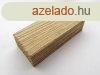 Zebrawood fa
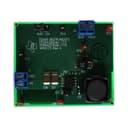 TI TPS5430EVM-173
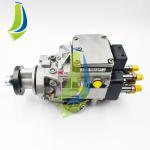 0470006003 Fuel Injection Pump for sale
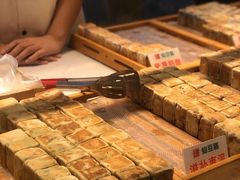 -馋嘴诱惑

================

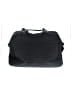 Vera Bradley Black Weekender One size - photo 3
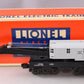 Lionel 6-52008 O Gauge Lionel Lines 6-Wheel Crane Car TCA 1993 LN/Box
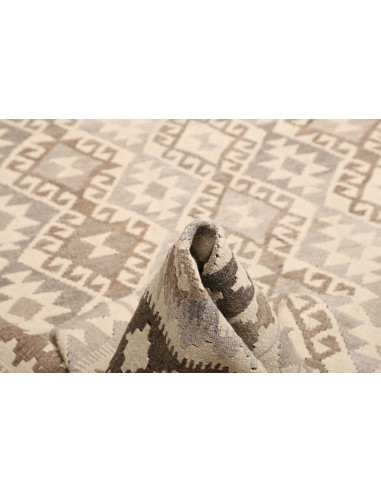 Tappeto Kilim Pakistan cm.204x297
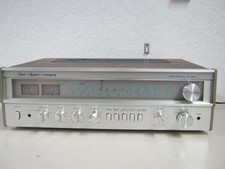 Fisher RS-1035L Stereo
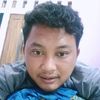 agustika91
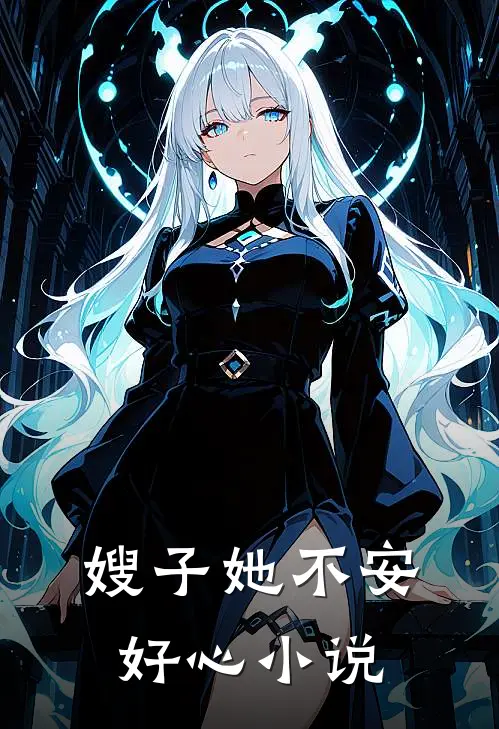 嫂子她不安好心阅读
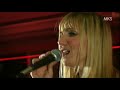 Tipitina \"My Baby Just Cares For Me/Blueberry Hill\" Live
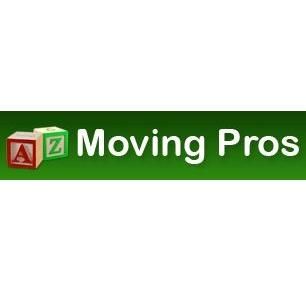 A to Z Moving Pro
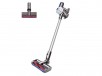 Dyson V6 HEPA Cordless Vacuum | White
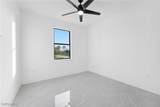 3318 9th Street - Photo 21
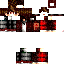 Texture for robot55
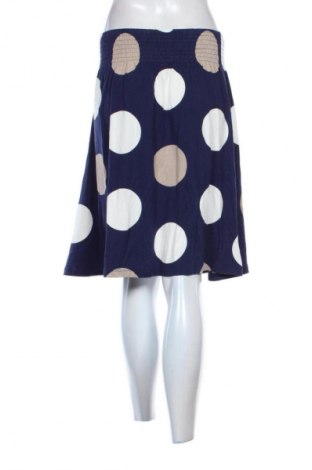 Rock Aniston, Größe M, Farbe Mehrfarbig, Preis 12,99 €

================

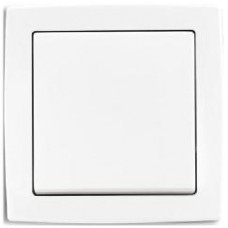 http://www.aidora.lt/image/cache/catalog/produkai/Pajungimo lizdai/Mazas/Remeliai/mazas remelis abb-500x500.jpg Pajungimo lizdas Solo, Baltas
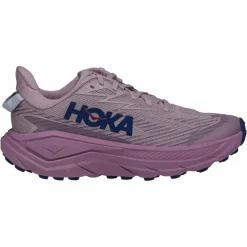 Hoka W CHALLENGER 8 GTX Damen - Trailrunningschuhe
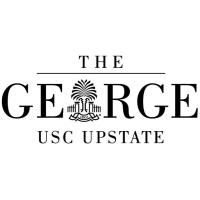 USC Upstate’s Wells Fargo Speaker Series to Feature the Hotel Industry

================

= Task to carry out =
Reproduce exactly the lines above that run from the one with "Vera Bradley Black" to the one with "Rock Aniston, Größe", both included, leaving pictures out.

= Output =
 Vera Bradley Black Weekender One size - photo 3
 Lionel 6-52008 O Gauge Lionel Lines 6-Wheel Crane Car TCA 1993 LN/Box
 Tappeto Kilim Pakistan cm.204x297
 Fisher RS-1035L Stereo
 agustika91
 嫂子她不安好心阅读
 Tipitina \"My Baby Just Cares For Me/Blueberry Hill\" Live
 A to Z Moving Pro
 Dyson V6 HEPA Cordless Vacuum | White
 3318 9th Street - Photo 21
 Texture for robot55
 Rock Aniston, Größe M, Farbe Mehrfarbig, Preis 12,99 €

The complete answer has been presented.